Esse encantamento resulta de um desequilíbrio de valor. O cliente tem a percepção de que lhe sobra uma parcela expressiva de valor na relação de troca que se estabeleceu.

Didaticamente uma transação comercial somente se efetiva, em situação normal, quando o comprador vê mais valor no produto ou serviço que está prestes a adquirir do que o valor que entrega para o vendedor. Aqui entende-se valor entregue pelo cliente como o preço propriamente dito, mas também o deslocamento até a loja, eventual espera e todos os outros custos de transação.

Há muitos aspectos transformadores nas estratégias de marketing das empresas inovadoras que visam engajamento cada vez mais próximo e sem atritos com os clientes. A postura “digital-first”, o uso de inteligência artificial para acelerar o aprendizado e criar interações significativas com os clientes e o uso eficaz de tecnologias para capitalizar os dados da operação são apenas alguns exemplos utilizados por empresas como: Ambev, Fleury, Natura, Itaú e Cielo. Essas têm o intuito de alcançar patamares superiores de entrega de valor em relação à média de seus pares.

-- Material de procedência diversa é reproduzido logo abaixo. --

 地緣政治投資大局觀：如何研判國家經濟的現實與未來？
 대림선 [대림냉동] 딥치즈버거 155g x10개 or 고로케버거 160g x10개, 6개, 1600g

Dentre essas iniciativas, a hiperpersonalização é uma das formas mais avançadas de alavancar a aspiração do marketing em direção ao relacionamento massivo ao mesmo tempo que individualizado. Uso intensivo (e cada vez mais cuidadoso) de dados, análises automatizadas turbinadas por Inteligência Artificial e automação inteligente de processos são os meios pelos quais, tanto as campanhas, quanto a efetiva entrega de valor, são feitas hoje pelas empresas que estão na fronteira.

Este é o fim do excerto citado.